I think there's a little more to it than that. For all the recent immigration, the systems of Canadian life (like schools, government, media, law enforcement, etc) were built by and are still largely run by 'old-hand' Canadians. So things like what we expect of our governments, law and order, how we raise our children, acceptance, tolerance, compromise -- the 'way we do things around here' is implicit and encoded in the workings of our institutions. What is meant to be Canadian might not be taught explicitly to newcomers, but I think much of it is passed on indirectly as they are shaped by these institutions.

It's probably not the sort of thing you realise until you leave our borders, just how distinctly Canadian you are. It's a hard thing to articulate, as we haven't been teaching or celebrating the whys and wherefores of it, but it's definitely there.

I agree with you -- Canadian history shouldn't be taking a back seat to anyone else's. But I do think there is room to celebrate all our heritages.
 
Should it be a somewhat historical name? I do like Algonquin square.

Confederation Square?
Simcoe Square (a bit of a stretch I admit)

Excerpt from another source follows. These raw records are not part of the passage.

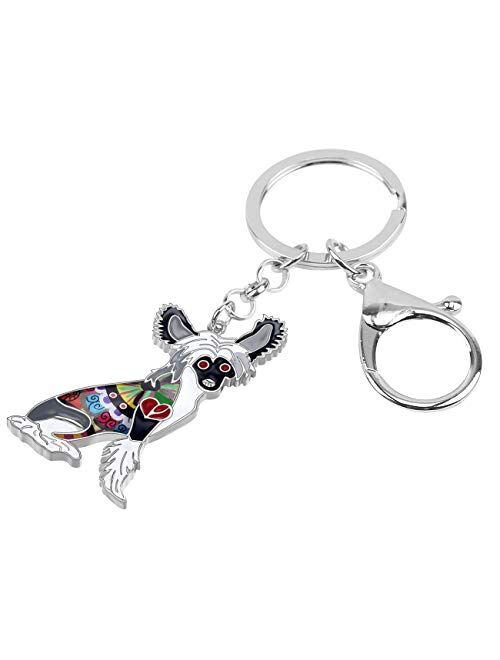 BONSNY Enamel Metal Heart Rhinestone Chinese Crested Dog Key Chains For Women Kids Car Purse bag Rings Charms Pets Gift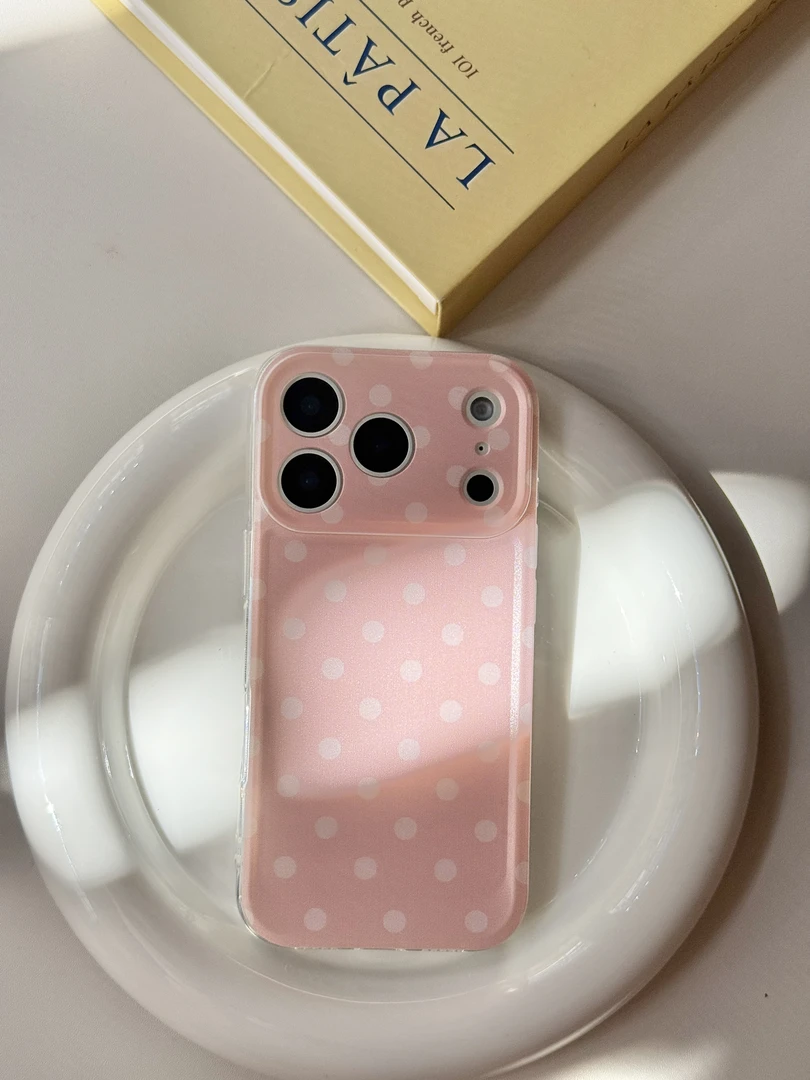 巴黎多色系波点适用多型号手机的全包防摔软质手机壳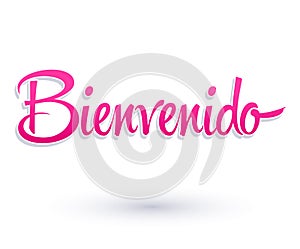 Bienvenido, Welcome Spanish text Hand lettering vector illustration. photo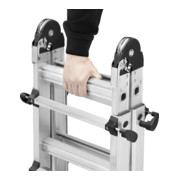Échelle multifonction aluminium Hailo M80, 4x3 échelons-4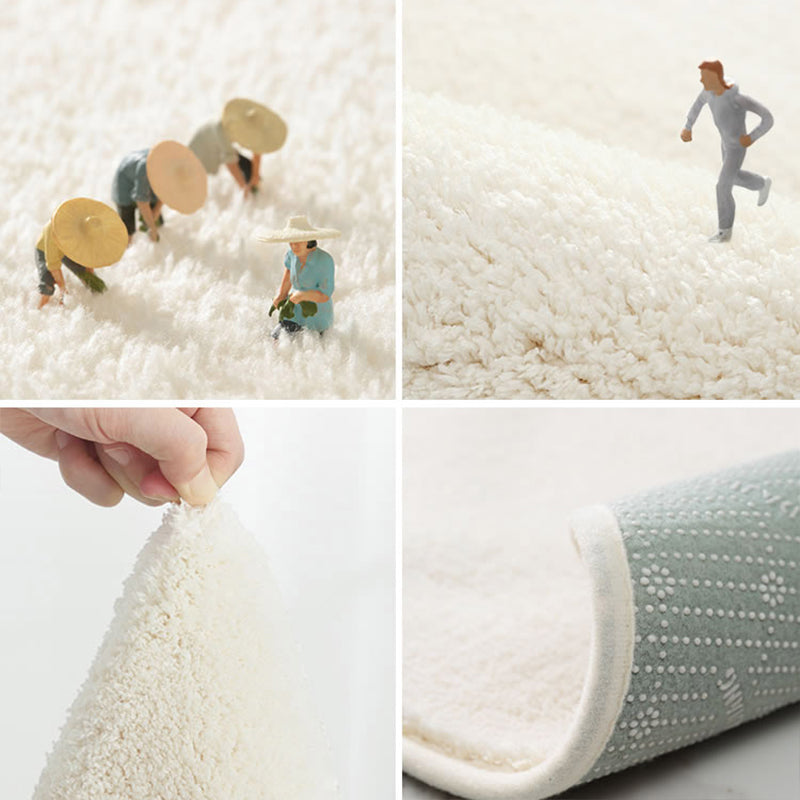 Multi-Colored Plant Printed Rug Lamb Wool Nordic Area Carpet Non-Slip Backing Pet Friendly Indoor Rug for Bedroom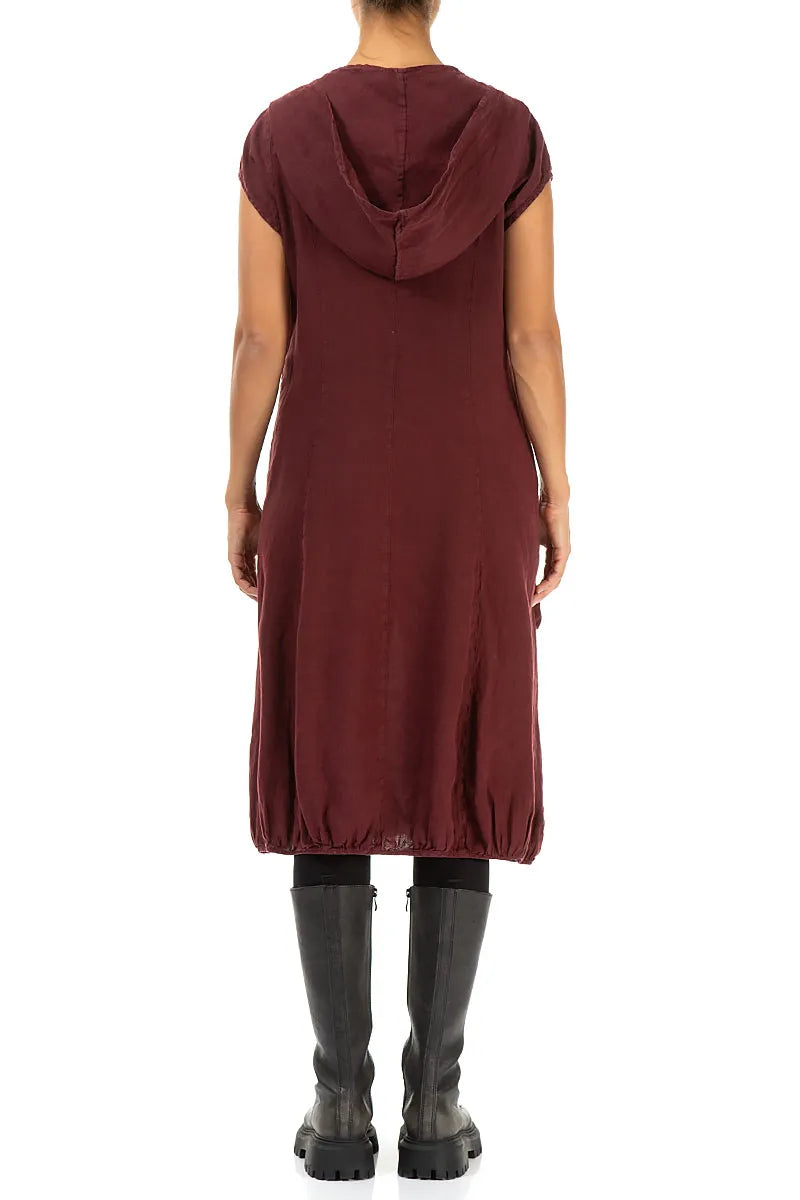 Robe en lin bordeaux à capuche amovible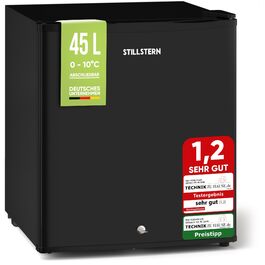 Міні-холодильник Stillstern E 45L з автоматичною відтавкою, замком, морозильною камерою, тихий, для кухні, офісу, спальні, готелів та маленьких квартир. Холодильник, міні-бар, R600A, чорний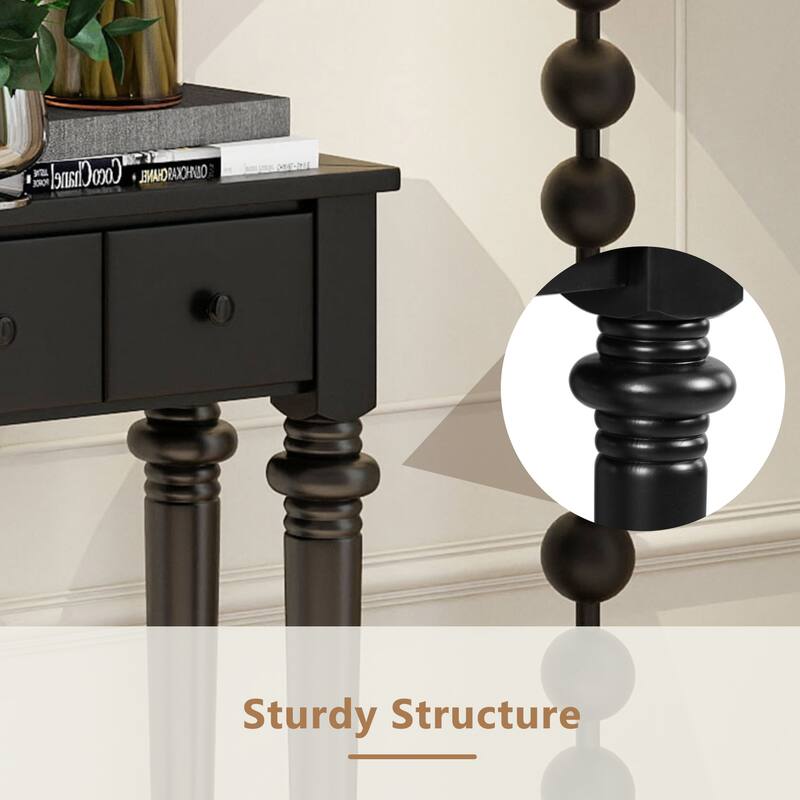 59" Retro Console Table with Open Shelf and 4 Drawers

Would Martin Luther King, JFK be too American? I mean IIRC Montreal has a street named after JFK and/or MLK and/or "American President"
 
back to the original thread:

"Dundas Square" is just fine. What's the point in changing it now?

Re-naming things just seems so lame and fickle, especially when a thing was originally named in honour of something/someone. Find something new to name if you want to honour something -- it's no honour when names are overturned on a whim.
 
Canada has always been a nation of immigrants. Yes, the people who came here from Europe were immigrants too. But nowadays, the immigrants are brown, yellow, and black, instead of white, and that is truly what concerns certain people.

It was the aggressive policy of assimilation that destroyed much of the original culture of Canada. If Canada had adopted a policy of tolerance and promoting different cultures back then that it does now, the deaths of over 60,000 Native American children in the residential school system would not have occurred and the survivors would not have lost their ability to communicate with their parents and created lingering social problems today among Native American people. It is was exactly this policy of anti-multiculturalism that "bulldozed over the centuries of culture and tradition". It was exactly this policy of assimilation that destroyed "an understanding, celebration and teaching/assimilation of that which forms our collective identity."

So do I want Canada to go back to the policy of assimilation? Hell no. To promote Canadian culture and the further development of Canadian culture, multiculturalism is exactly what is needed.